Una parte politica contraria a questa legge elettorale era in coalizione quando prese il premio di maggioranza – dichiarato incostituzionale – ed entrò in Parlamento, ma nel tempo, pian piano, si separò dall’originaria coalizione che l’aveva portata nelle Aule.
Ed un’altra parte politica venne eletta grazie ad una legge dichiarata incostituzionale: non sono mai usciti spontaneamente dal Parlamento perché la loro elezione era stata irregolare.
Viviamo in un tempo in cui probabilmente il Paese andrà avanti soltanto perché ci si mette a lavorare insieme unendo forze e capacità. Che sia almeno un presupposto per poter iniziare.
VOTO DISGIUNTO
Qualcuno ha anche osato pensare di chiederlo, come se avesse un senso votare un partito nel proporzionale e un altro partito nell’uninominale. Per formare quale Governo?
APPROVAZIONE PRESIDENTE DELLA REPUBBLICA
Il Presidente non dovrà apporre la propria firma solo se il provvedimento dovesse contrastare palesemente, in maniera chiara, con la Costituzione. Dunque, firmerà.
FIDUCIA
La fiducia è stata apposta per superare lo scoglio dei voti segreti. A giugno, sul tedeschellum, gli accordi presi in commissione saltarono per un voto segreto. Qualcuno ha la responsabilità della diversa decisione presa in Aula su quel voto segreto che mandò in frantumi gli accordi.
Tra i molti che contestano, ci sono coloro che qualche tempo fa sostenevano il mandato imperativo ed il voto palese. Molto probabilmente sono gli stessi che con il voto segreto di giugno hanno mandato all’aria gli accordi e che avrebbero fatto saltare anche questa legge elettorale con il voto segreto: avrebbero avuto il coraggio di mandare in tilt le istituzioni. Da riflettere.
“ANDREMO A GOVERNARE”
Si governa almeno con il 51% dei voti. Chi dispone di una percentuale inferiore e non vuole entrare in coalizione sta promettendo qualcosa che non può realizzare. Si tratta di promesse vane, e di fronte a queste bisognerebbe aprire gli occhi.

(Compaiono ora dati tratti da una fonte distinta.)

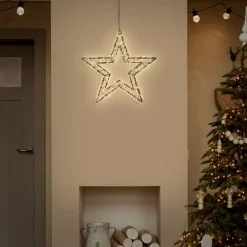 LED Weihnachtsstern 38 cm mit 500 extra-warmweißen LEDs und Timer für Innen und Außen IP44 Spritzwassergeschützt-ECD Germany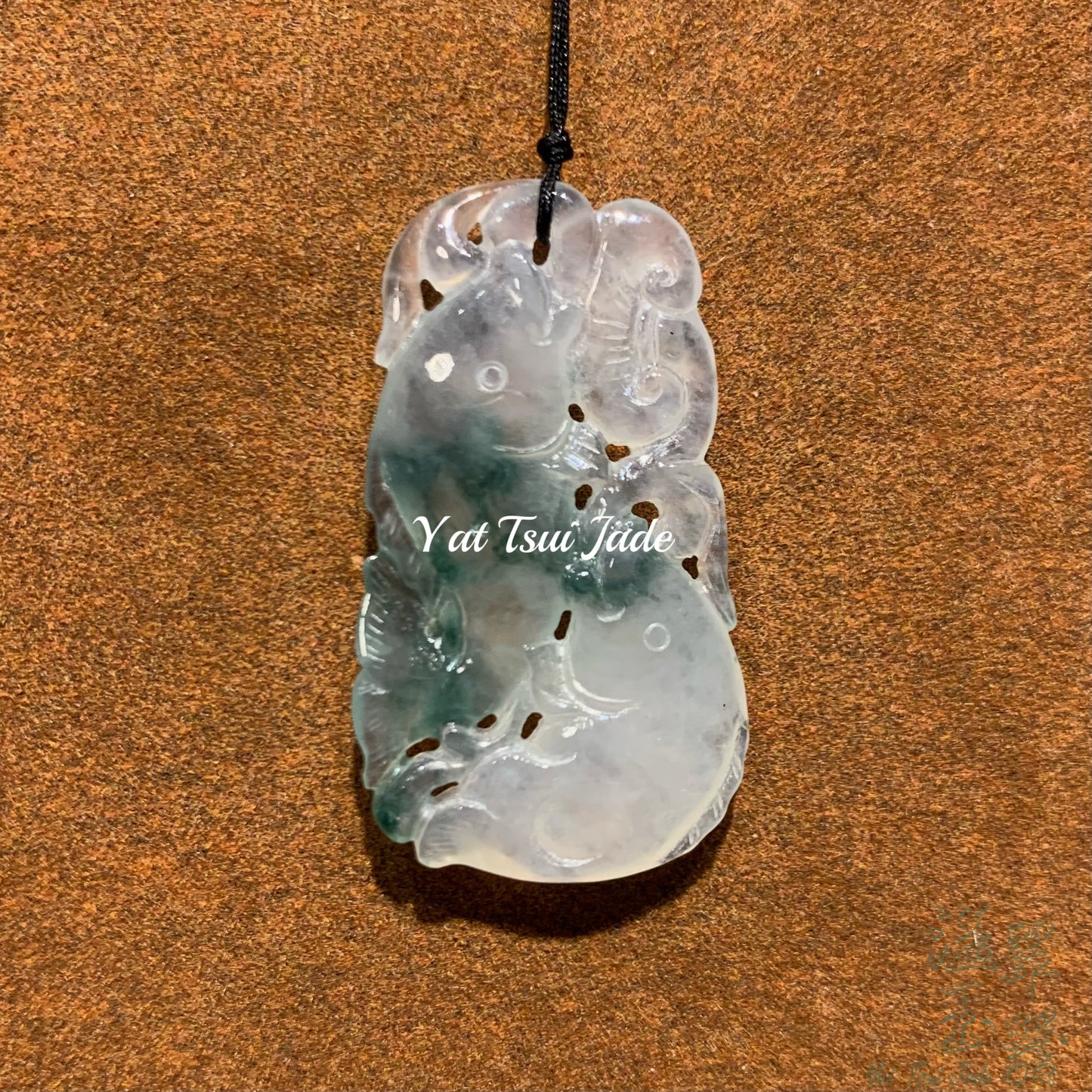 天然緬甸翡翠翠晴綠「冰飄綠花玉雙魚」2328946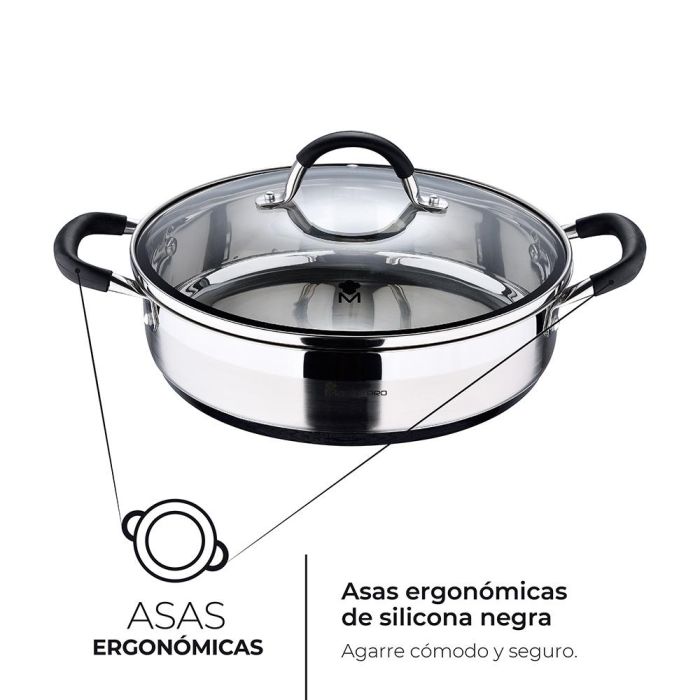 Masterpro Tartera Foodies BGMP-1503-BK Acero Inoxidable 18/10 con Tapa Ø28 x 7,5 cm 3,8L Apta Inducción 1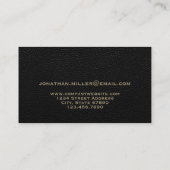 Carte De Visite Logo initial de luxe en cuir noir (Dos)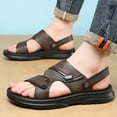 thumbnail image 2 of Dakaela Men's Leather Flat Sandals Open Toe Slip on Slides Summer Slides with Adjustable Dual Strap, 2 of 6
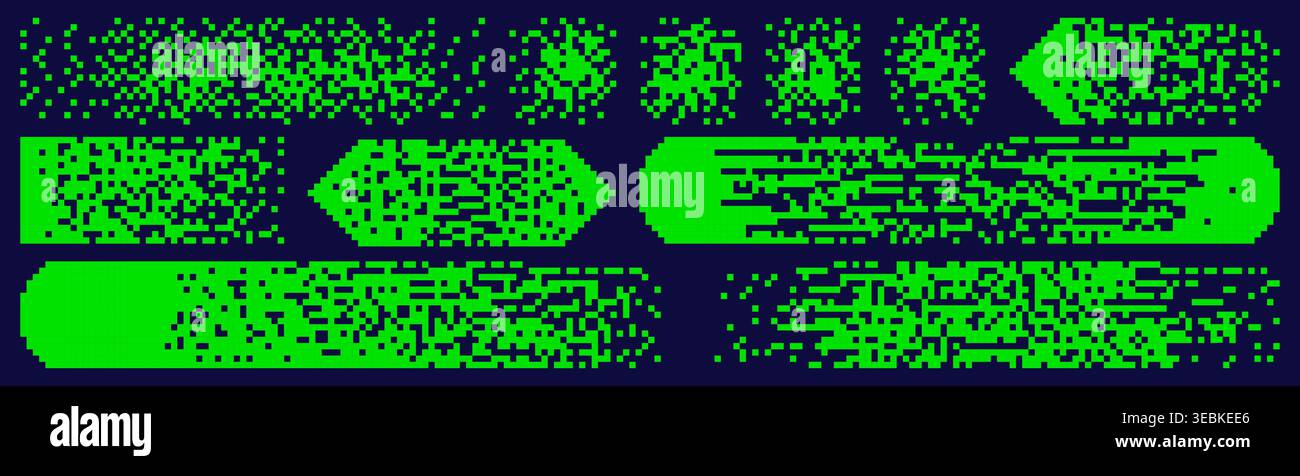 Pixel art green matrix patterns. Dissolve random scattered backgrounds. Stock Vector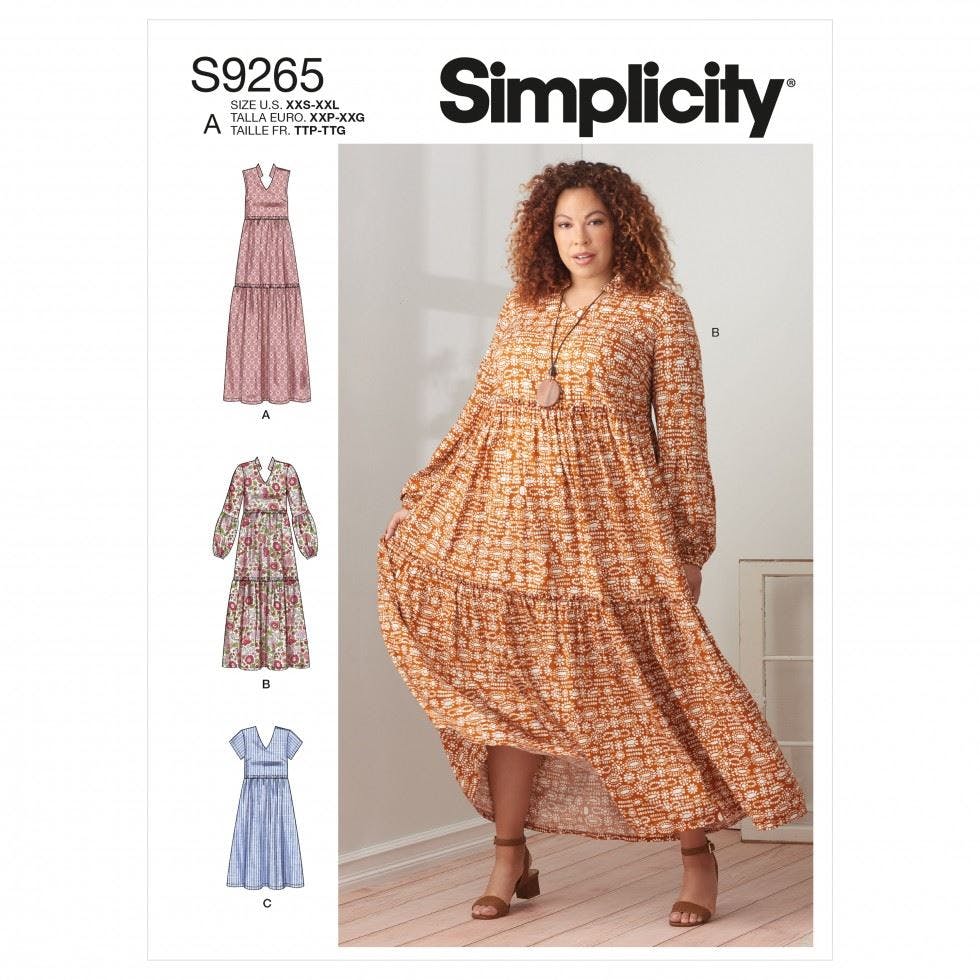 Simplicity Women's Sewing Pattern 9265, Dresses For A (Xxs-Xs-S-M-L-Xl-Xxl) - Intermediate - A (Xxs-Xs-S-M-L-Xl-Xxl)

Oggi un elettorato così frammentato, per assurdo, impedisce grandi accordi pre, ma anche post, elettorali. Il rischio resta e speriamo che la voglia di lavorare per il bene del Paese prenda il sopravvento per unire le forze.
CONCLUSIONI
Certamente le soluzioni potevano essere anche altre, ma ci troviamo con un sistema istituzionale che è stato messo in sicurezza, almeno in prospettiva.
Sino ad oggi non è mai emersa “la legge elettorale migliore al mondo”: sarebbe stato semplice applicarla.
Soprattutto, non è stata trovata ancora una legge elettorale che faccia vincere senza avere i voti.